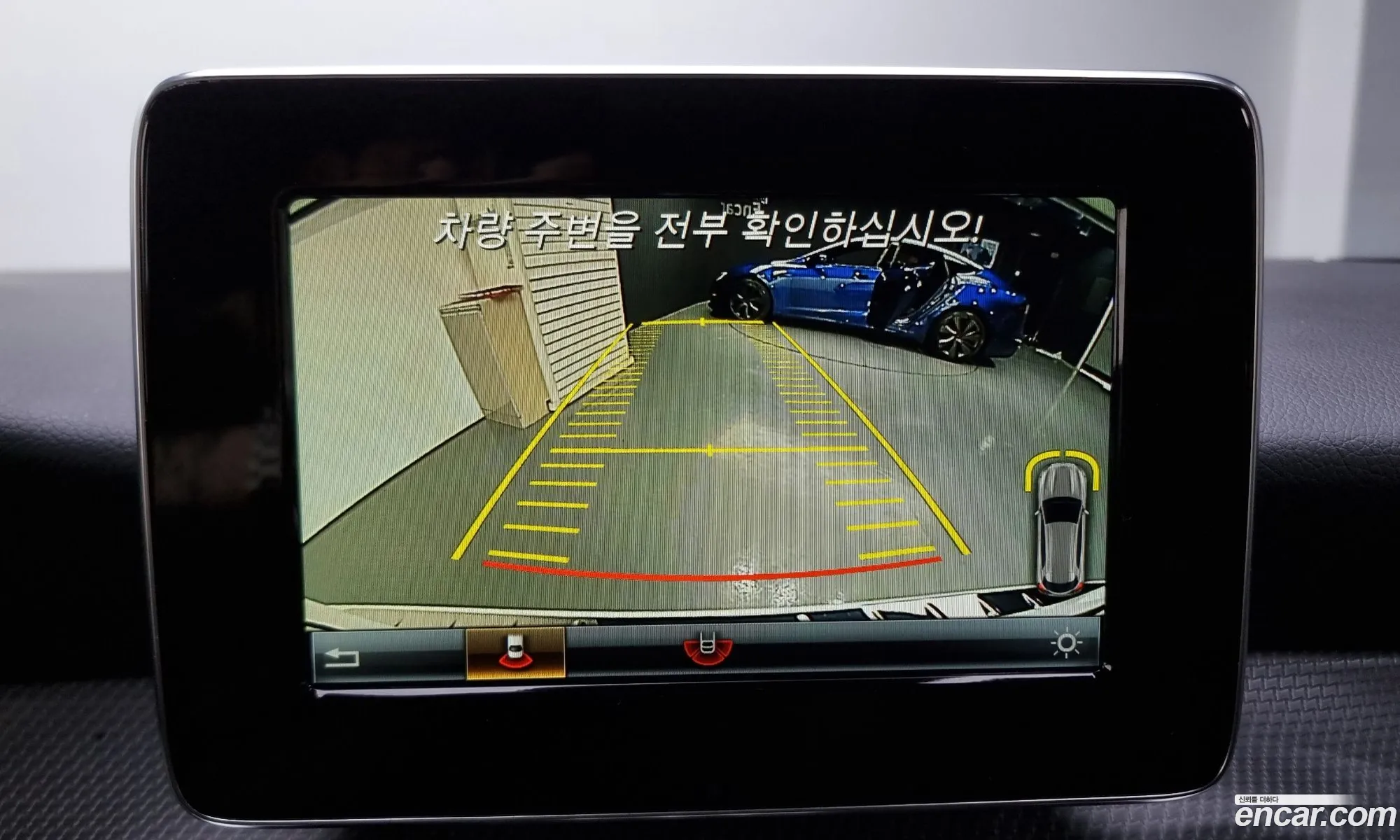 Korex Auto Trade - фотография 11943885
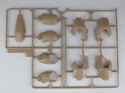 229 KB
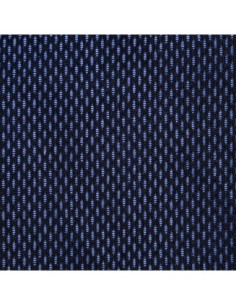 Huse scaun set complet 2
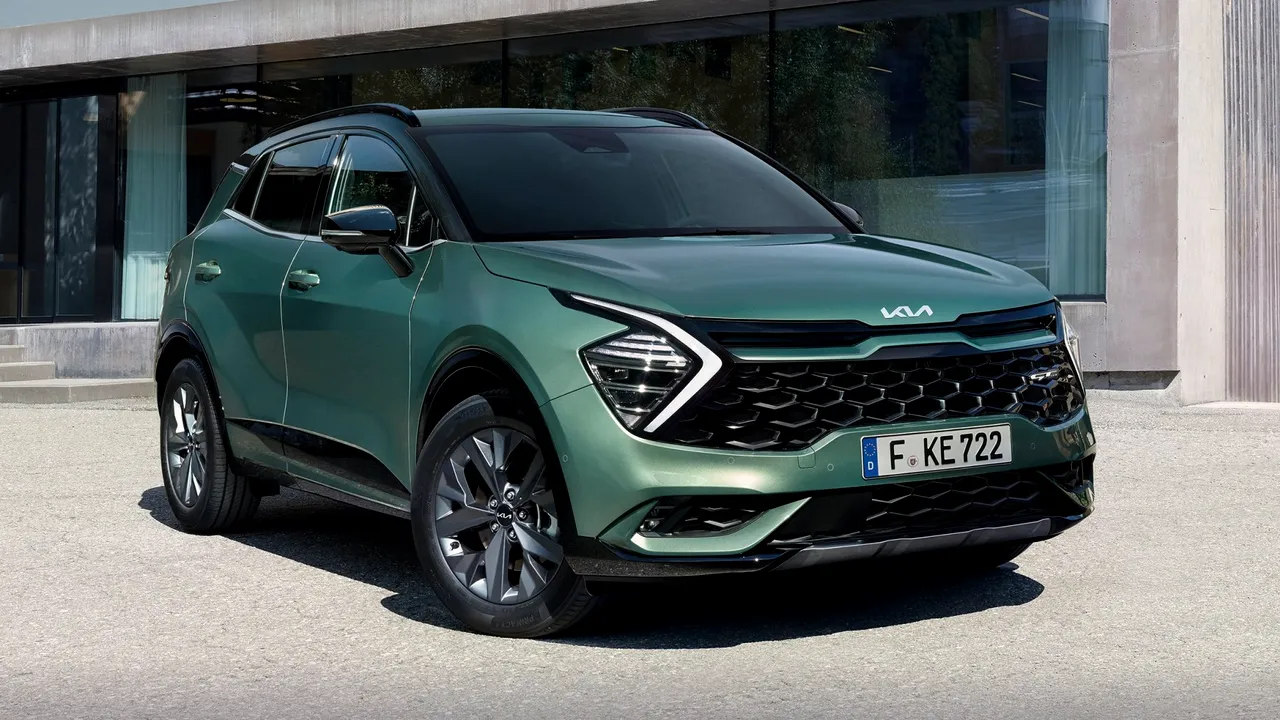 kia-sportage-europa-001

**Exercise requirements**. Could you reproduce the listing above exactly and drop every picture?

**Written reply**.
 Korex Auto Trade - фотография 11943885
 229 KB
 Huse scaun set complet 2
 kia-sportage-europa-001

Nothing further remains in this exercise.